The summer months ended as eventfully as they had been throughout, with the major fundamental themes of global economic slowdown, monetary policy reversion to easing, and trade war overhang all continuing to play out into August. Economic growth data and estimates continued to soften, albeit still at positive levels. Global manufacturing activity continued to decline. For the second consecutive quarter US corporations, as indicated by the S&P 500 Index, reported negative earnings growth compared with the same quarter last year.
While growth is still positive enough to make recession calls still appear premature, a slowdown is certainly here, as markets and central banks have fully confirmed. The 30-year Treasury bond yield fell to a record low of below 2.0 percent in August, equity market volatility rose, and gold prices accelerated to a six-year high in August. The S&P 500, Dow and Nasdaq indexes did not fall too far off their highs, but they are all supported by relatively strong, high-quality constituents. Smaller and more cyclical groups fared worse: Energy stocks had fallen more than 15 percent from their last peak through August, and small-cap value stocks were down over 10 percent from a year ago.
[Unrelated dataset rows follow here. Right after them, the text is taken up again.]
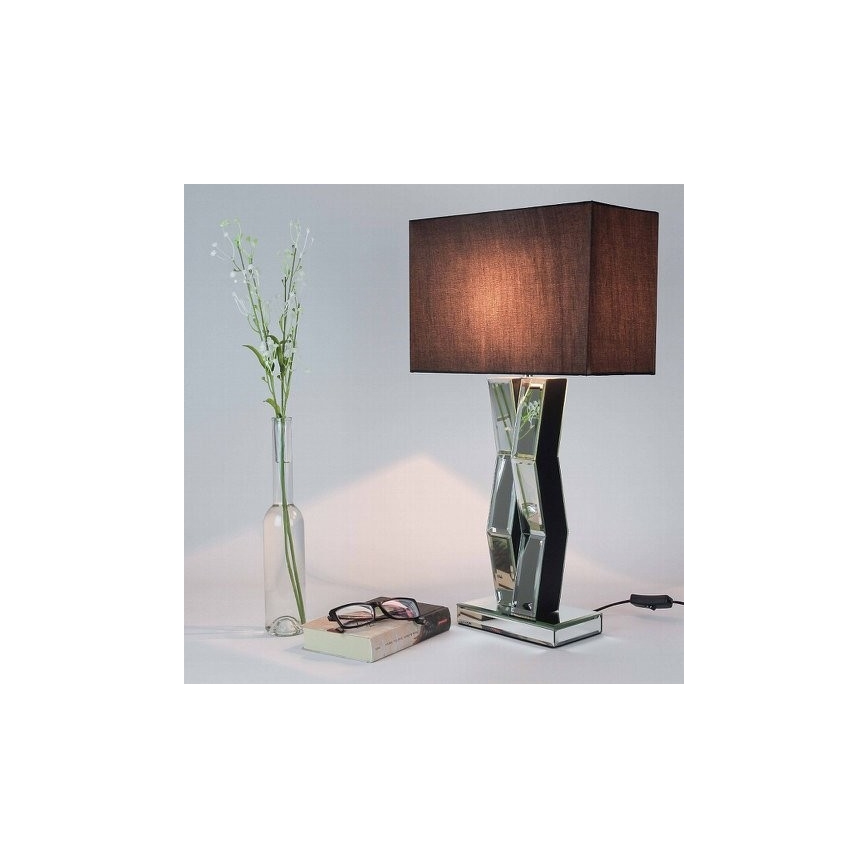 Searchlight - Stolna lampa MIRROR 1xE27/60W/230V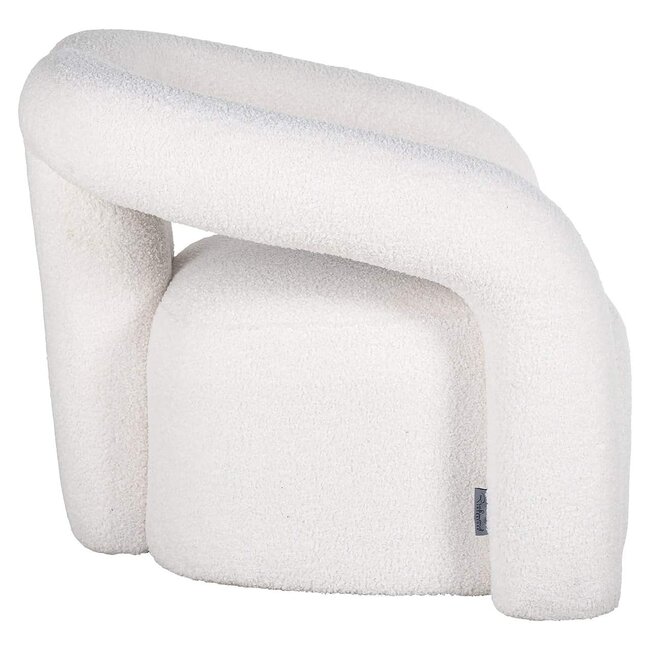 Richmond Interiors  Fauteuil Dana white furry (Himalaya 900 white furry)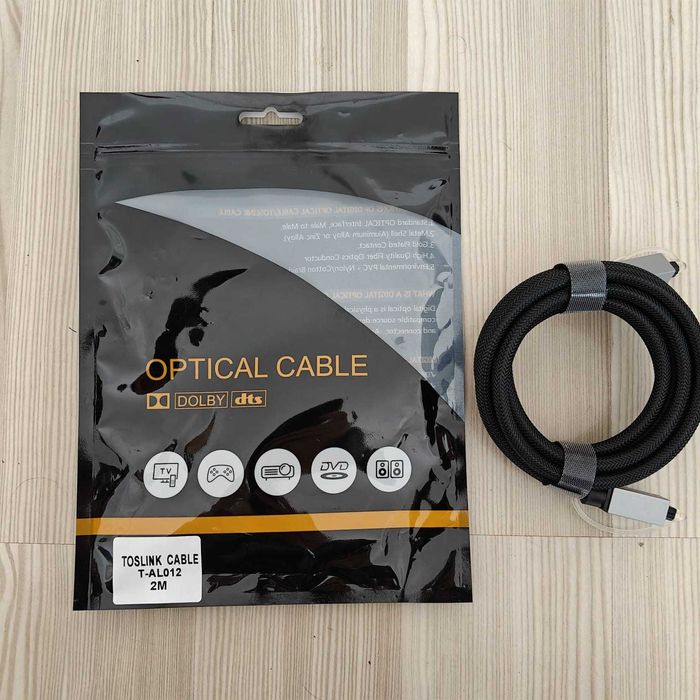 Cablu Audio Digital Optic 2m Toslink  Fibra Optica TV / Soundbar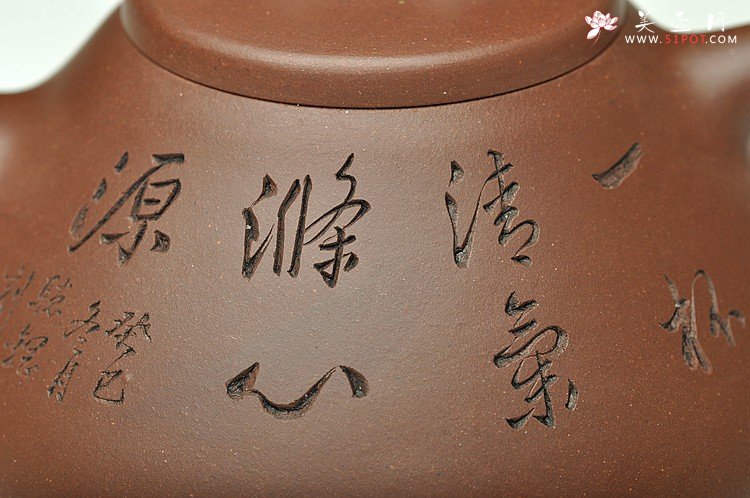 紫砂壶图片：骨肉均挺 进步明显 全手子冶石瓢 张听刚装饰 - 宜兴紫砂壶网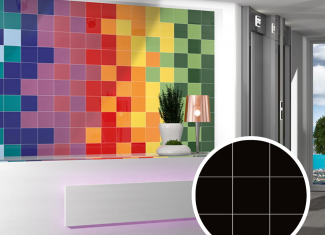 Carrelage mural intérieur brillo Negro 20×20 – Chroma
Policymakers have taken notice, easing monetary policy around the globe, and, early in September, markets have reversed some of the flight to safety they made over the summer. In the US, the Federal Reserve has begun what forecasters expect to be at least a few small interest rate cuts, the European Central Bank has restarted quantitative easing to go with their negative interest rates, following Japan’s lead, and China is implementing or considering a litany of easing measures. Even US and China trade tensions appear to have eased. Riskier investments have rebounded a bit with optimism around these developments, but the question now is whether economic and corporate fundamentals will follow suit.